John Worthen's D. H. Lawrence: The Early Years 1885–1912 (1991) is the first volume of a definitive biography, and the scholarly Cambridge Edition of the collected works and letters is well on the way to completion. All but the last volume of letters have been published. Full scholarly editions of the novels, with the exception of Lady Chatterley's Lover, are available, although a number of these have been controversial in seeking to restore unmolested what the editors have taken to be Lawrence's intended text. In the case of Sons and Lovers, for example, this has added a substantial amount of material to the novel which Lawrence himself, admittedly under pressure, participated in deleting. Whatever the merits of these changes, all the Cambridge editions give superb notes and textual apparatus.
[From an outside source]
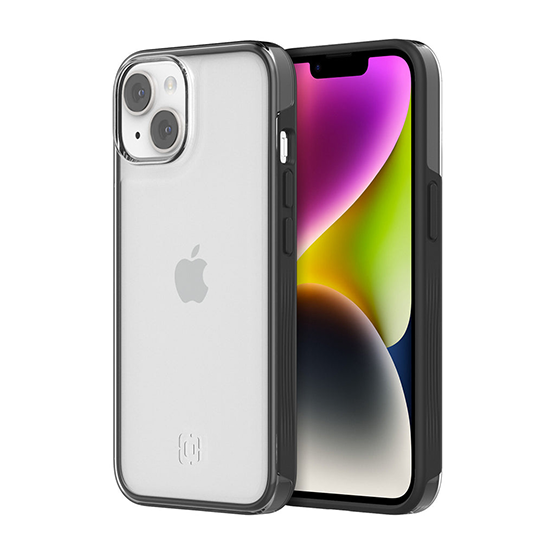 Incipio Organicore iPhone 14 - Carbonilla/Transparente 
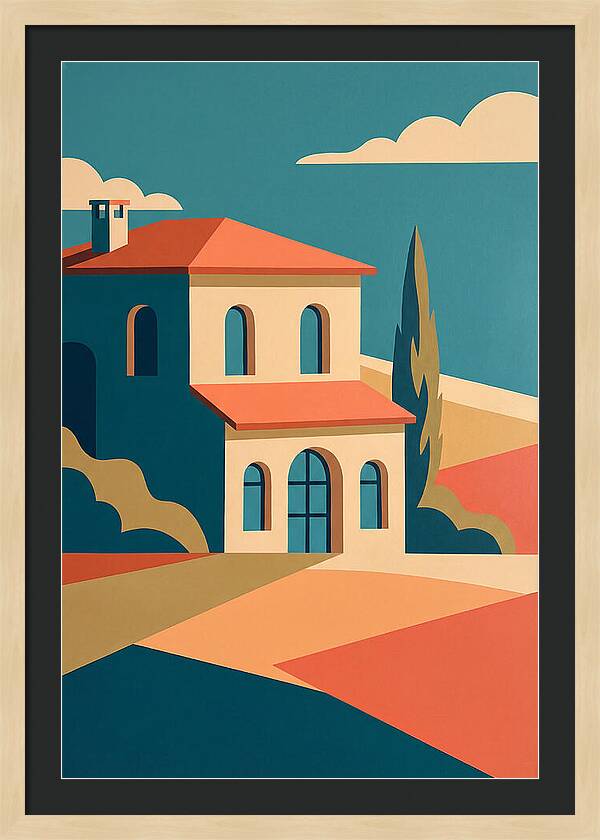 Tuscan Tranquility Escape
There are stimulating general critical books on Lawrence by Frank Kermode, Lawrence (1973), Keith Sagar, D. H. Lawrence: Life into Art (1985), and Tony Pinkney, D. H. Lawrence (1990), while Keith Brown (ed.), Rethinking Lawrence (1990) and Peter Widdowson (ed.), D. H. Lawrence: A Critical Reader (1992) are useful collections of essays. An illuminating, more specialized work is Paul Delany's D. H. Lawrence's Nightmare: The Writer and His Circle in the Years of the Great War (1979).